Wednesday, January 3, 2018
Bloomberg, Goldman Takes One-Time $5 Billion Hit From New U.S. Tax Law:
Goldman Sachs Group said the U.S. tax reform will cut profit this year by about $5 billion, mainly because of a tax targeting earnings held abroad.
About two-thirds of the hit comes from the repatriation tax, while writing down U.S. deferred tax assets also contributed, the company said in a filing on Friday. The bank also accelerated the delivery of previously granted stock awards to many of its top executives to lower its taxable profit subject to this year’s higher rates.
While bank stocks have rallied on the tax bill’s lower corporate rates, the new law requires charges in the near-term as foreign earnings face taxation and the value of deferred tax assets declines. Citigroup Inc. said it expects a hit of as much as $20 billion, while Bank of America Corp. will take a $3 billion charge and Credit Suisse Group AG is at risk of posting a third consecutive annual loss.
Wall Street Journal, Goldman to Take a Big Charge Related to U.S. Tax Overhaul:
Zion Research Group estimates that S&P 500 companies will book quarterly hits of $235 billion in the coming weeks on the $2.8 trillion they have amassed in foreign operations.

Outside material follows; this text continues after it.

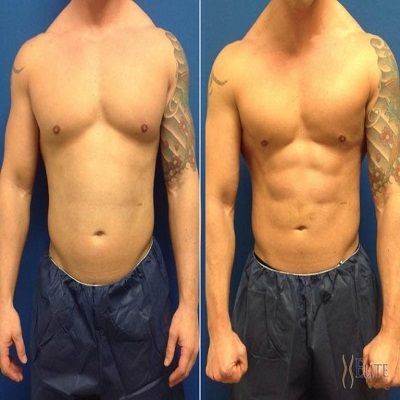 The Advantages of Vaser Lipo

Drugmakers and technology firms, whose mazes of global intellectual-property arrangements rely heavily on subsidiaries in low-tax countries, account for 69% of the total.
Just five companies—Apple Inc., Microsoft Corp., Pfizer Inc., Oracle Corp. and Cisco Systems Inc.—account for one-third, according to Zion’s estimates.
Most large tech companies will take “a big hit” to their coming earnings, said Edward Kleinbard, a tax professor at the University of Southern California law school.